» **PROMPT**: Write out again, exactly, the lines below starting at the one with "How to Freeze" and ending at the one with "Новорічна гірлянда кімнатна".

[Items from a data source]

• • • • •

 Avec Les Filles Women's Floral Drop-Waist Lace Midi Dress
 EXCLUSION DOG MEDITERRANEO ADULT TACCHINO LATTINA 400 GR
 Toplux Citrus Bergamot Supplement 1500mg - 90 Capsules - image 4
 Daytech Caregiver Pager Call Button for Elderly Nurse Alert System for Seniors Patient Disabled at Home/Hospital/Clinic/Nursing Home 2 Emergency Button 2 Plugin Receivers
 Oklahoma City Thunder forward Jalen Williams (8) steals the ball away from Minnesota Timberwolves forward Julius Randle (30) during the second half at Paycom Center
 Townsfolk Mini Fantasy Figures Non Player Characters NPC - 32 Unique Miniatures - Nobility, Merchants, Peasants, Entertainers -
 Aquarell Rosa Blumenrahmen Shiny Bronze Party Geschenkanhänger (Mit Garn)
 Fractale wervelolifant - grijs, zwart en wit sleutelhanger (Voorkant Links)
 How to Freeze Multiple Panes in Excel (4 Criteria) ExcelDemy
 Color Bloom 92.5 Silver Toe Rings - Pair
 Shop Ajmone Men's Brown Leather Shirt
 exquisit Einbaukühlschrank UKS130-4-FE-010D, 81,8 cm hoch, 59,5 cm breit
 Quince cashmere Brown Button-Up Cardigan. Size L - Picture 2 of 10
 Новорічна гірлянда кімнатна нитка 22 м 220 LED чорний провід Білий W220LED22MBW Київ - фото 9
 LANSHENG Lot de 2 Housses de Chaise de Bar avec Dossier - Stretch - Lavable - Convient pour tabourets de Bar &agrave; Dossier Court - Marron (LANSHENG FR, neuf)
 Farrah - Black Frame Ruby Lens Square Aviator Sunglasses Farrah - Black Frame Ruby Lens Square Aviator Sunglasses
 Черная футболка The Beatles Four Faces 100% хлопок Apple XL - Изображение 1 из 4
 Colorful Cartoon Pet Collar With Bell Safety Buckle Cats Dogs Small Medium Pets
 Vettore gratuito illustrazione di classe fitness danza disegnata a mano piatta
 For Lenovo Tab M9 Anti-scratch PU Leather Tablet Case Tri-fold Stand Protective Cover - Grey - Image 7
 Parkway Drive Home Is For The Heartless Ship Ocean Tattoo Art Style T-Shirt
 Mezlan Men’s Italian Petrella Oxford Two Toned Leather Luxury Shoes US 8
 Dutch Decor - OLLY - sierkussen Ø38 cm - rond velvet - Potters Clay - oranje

• • • • •

» **EXPECTED OUTPUT**:
 How to Freeze Multiple Panes in Excel (4 Criteria) ExcelDemy
 Color Bloom 92.5 Silver Toe Rings - Pair
 Shop Ajmone Men's Brown Leather Shirt
 exquisit Einbaukühlschrank UKS130-4-FE-010D, 81,8 cm hoch, 59,5 cm breit
 Quince cashmere Brown Button-Up Cardigan. Size L - Picture 2 of 10
 Новорічна гірлянда кімнатна нитка 22 м 220 LED чорний провід Білий W220LED22MBW Київ - фото 9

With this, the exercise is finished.